Again, overall, a refugium makes it easier to maintain a clean, healthy reef tank. But your tank will be even cleaner, with even less effort, if the ‘fuge houses its own clean-up crew.
Obviously, planted refugia are brightly illuminated environments. Thus, even in such close proximity to their macroalgal competitors, nuisance microalgae can take hold there. It can grow on the glass, on the sand or even on the macros. A well-rounded group of algivores can control these bad algae. This must, however, not include any animals that might develop a strong taste for your macroalgae. Sure, some snails might eat some soft macros like Ulva, but it’s all good so long as they focus on the microalgae.

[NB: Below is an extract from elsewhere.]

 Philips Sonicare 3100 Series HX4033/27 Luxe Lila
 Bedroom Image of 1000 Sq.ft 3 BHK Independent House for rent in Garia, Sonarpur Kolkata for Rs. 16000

There are a few captive-bred snails that are suitable for this purpose. Not only are captive-bred trochus snails and siphonaria limpets both excellent algae-eaters but they also are much hardier than wild-collected specimens.

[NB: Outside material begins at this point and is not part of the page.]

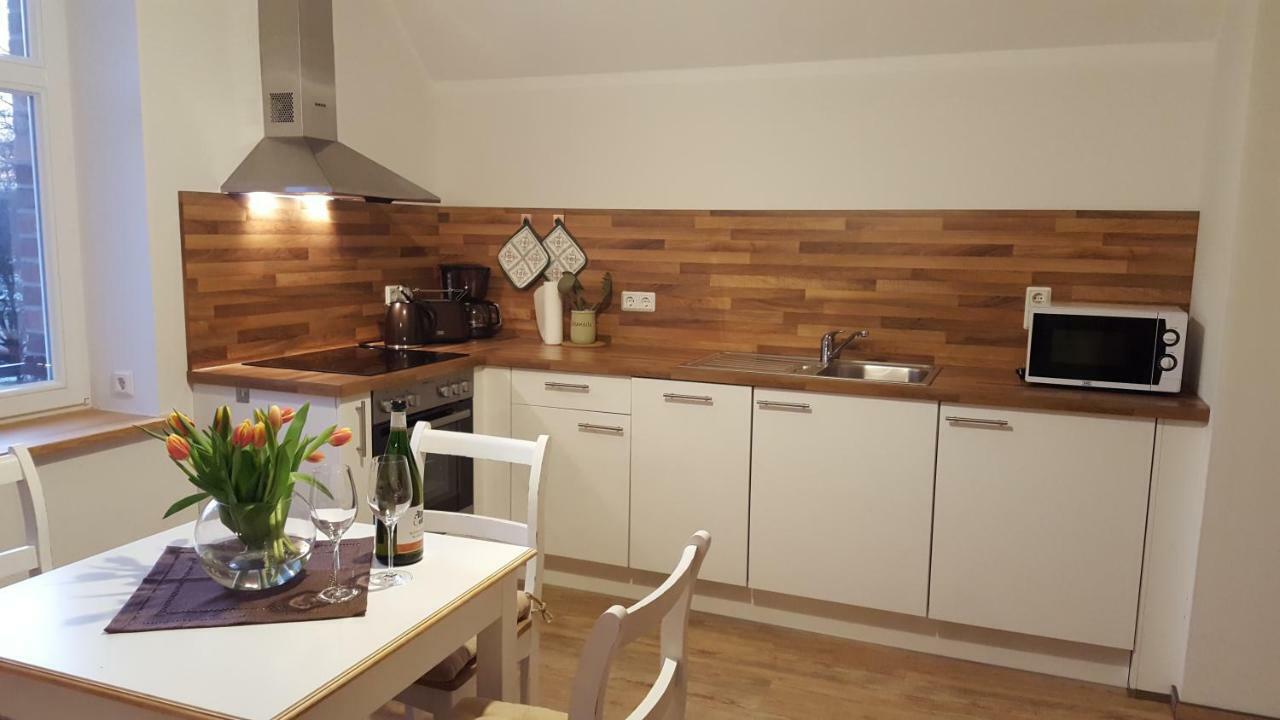 Gruener Wald Apartment Burg Kauper Bagian luar foto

Particulate organic matter (POM) is highly prone to settling out in refugia (especially planted refugia) where flow is reduced and certain macros (especially meshy types like Chaetomorpha) act like mechanical filters. This isn’t necessarily bad. For one, it removes these solid wastes from the display tank, where they would otherwise be much unsightlier. Also, by settling POM in the refugium, it is concentrated in just the spot where most of the pods are (i.e. where they can eat it most efficiently!).

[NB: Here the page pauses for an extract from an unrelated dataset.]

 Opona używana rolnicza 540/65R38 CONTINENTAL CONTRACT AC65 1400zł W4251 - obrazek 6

Still, in tanks with lots of well-fed fish, detritus can build up faster than the pods can consume it. This is where the pods can use some help. Detritivorous snails are perfect for this job. Again, because wild snails can be touchy, captive-bred specimens are a much better choice. Thankfully, the sludge-busting cerith snail and nassarius snail clean up crews are available as captive-bred. Tiny burrowing snails such as these significantly improve the appearance and water quality of a reef tank, and indeed refugium, by consuming organic wastes. Most of these also contribute to some film algae control as well.
Many small invertebrate animals are used to control pests of various sorts. Most of these are quite happy to live in the ‘fuge. The list of pest control critters is a bit long to run through in its entirety here, but we’ll posit the peppermint shrimp as a great example. This is, for sure, due to its proven usefulness in eradicating a common and particularly nasty pest, the aiptasia anemone. But these shrimps are also pretty good at scavenging wastes in general. This would include larger chunks of organic matter such as fish food that might find its way into the ‘fuge. These guys can mop up in seconds what would take copepods hours to do. This is especially important when snails die in the ‘fuge; a peppermint shrimp will eat a dead snail long before it has a chance to decay and foul the water.
Your refugium clean-up crew may be built around your specific needs and specific type of system you have. But regardless of the details, it’s a really good idea to remember the ‘fuge when your stocking critters for algae, detritus and pest control. This undoubtedly will simplify your maintenance regimen and reduce your reliance on complicated, expensive filtration technologies. And of course your tank will be a whole lot more interesting to observe!